In DirectQuery mode, slicers and filter panels repeatedly ask for a column's members. Without a DIM index, each request can scan the parent files even though the answer changes infrequently.

SELECT region, COUNT(*)
FROM sales.orders
GROUP BY region;
This common slicer shape can be answered from the DIM cache when only one indexed column is referenced.

Create one index for several slicers

CREATE DIM INDEX idx_pbi_slicers
ON TABLE sales.orders (
    region,
    status,
    sales_channel
)
WITH (cardinality_cap = 100000);
Each indexed column gets an independent cache entry. The cardinality cap protects against accidentally indexing a near-unique column.

Queries served from memory

The fast path covers the single-column query shapes Power BI uses to populate slicers and inspect column ranges:

SELECT DISTINCT region
FROM sales.orders;

SELECT status, COUNT(*)
FROM sales.orders
GROUP BY status;

SELECT MIN(order_date), MAX(order_date)
FROM sales.orders;
After the first load, the cached Arrow batch is reused without reading the parent Parquet files.

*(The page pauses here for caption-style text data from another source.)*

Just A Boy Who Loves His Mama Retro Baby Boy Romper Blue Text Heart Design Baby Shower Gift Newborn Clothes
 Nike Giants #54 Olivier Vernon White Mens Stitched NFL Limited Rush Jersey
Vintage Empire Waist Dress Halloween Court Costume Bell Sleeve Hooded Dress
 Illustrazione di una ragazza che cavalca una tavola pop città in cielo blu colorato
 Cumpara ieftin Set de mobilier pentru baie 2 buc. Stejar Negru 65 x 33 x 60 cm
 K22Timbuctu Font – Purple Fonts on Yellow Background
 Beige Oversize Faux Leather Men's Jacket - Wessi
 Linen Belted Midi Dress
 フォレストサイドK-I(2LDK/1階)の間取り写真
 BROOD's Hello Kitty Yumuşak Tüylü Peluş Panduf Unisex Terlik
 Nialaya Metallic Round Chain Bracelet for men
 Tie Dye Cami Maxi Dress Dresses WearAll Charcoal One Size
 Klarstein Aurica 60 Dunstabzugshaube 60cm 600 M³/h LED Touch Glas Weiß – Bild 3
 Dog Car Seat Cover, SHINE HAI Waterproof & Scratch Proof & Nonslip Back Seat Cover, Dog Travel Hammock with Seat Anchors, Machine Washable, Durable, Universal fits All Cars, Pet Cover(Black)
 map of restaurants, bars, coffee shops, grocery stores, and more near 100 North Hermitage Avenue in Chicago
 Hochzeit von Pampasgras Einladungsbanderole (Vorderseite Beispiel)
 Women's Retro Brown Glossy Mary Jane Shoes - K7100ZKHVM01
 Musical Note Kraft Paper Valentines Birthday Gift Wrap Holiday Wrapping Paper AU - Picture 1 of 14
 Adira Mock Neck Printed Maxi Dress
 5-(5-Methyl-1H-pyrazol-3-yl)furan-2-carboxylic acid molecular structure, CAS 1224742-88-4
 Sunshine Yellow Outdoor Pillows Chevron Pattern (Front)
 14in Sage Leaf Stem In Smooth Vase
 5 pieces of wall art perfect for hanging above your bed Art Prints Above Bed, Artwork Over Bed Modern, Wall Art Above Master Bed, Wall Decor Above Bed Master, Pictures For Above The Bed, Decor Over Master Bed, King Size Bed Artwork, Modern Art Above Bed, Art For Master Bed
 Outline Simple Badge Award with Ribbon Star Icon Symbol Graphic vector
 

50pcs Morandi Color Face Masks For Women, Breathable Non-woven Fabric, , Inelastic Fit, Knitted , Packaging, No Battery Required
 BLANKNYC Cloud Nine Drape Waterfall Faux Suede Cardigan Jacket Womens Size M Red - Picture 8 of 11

What stays on the normal engine path

A DIM index is intentionally narrow. Measures, joins, multi-column groups, and filters that reference another column continue through the regular SQL engine:

SELECT region, SUM(total_amount)
FROM sales.orders
WHERE status = 'complete'
GROUP BY region;
This query references three columns, so it is not answered from the DIM cache.

Confirm the cache is used

EXPLAIN
SELECT DISTINCT region
FROM sales.orders;
A matching query shows a DimCacheServe plan with the table, index, column, query shape, and versions.

Rebuild after table changes

The DIM index is version-bound. If the parent snapshot changes and the index is no longer current, DeltaForge falls back to the normal query path rather than returning stale data.

REBUILD INDEX idx_pbi_slicers
ON TABLE sales.orders;
Schedule a rebuild after data loads to refresh values and restore exact per-value counts.

Choose columns carefully

  • Good: region, category, status, channel, segment, and other slicer columns.
  • Avoid: order IDs, transaction IDs, timestamps, and other near-unique columns.
  • Partition columns may already use a metadata-only fast path without a DIM index.

The result

Power BI still queries the live Delta table through DirectQuery. The repetitive dimension-envelope requests are served from engine memory, while analytical measures continue to use the full query engine against the current table snapshot.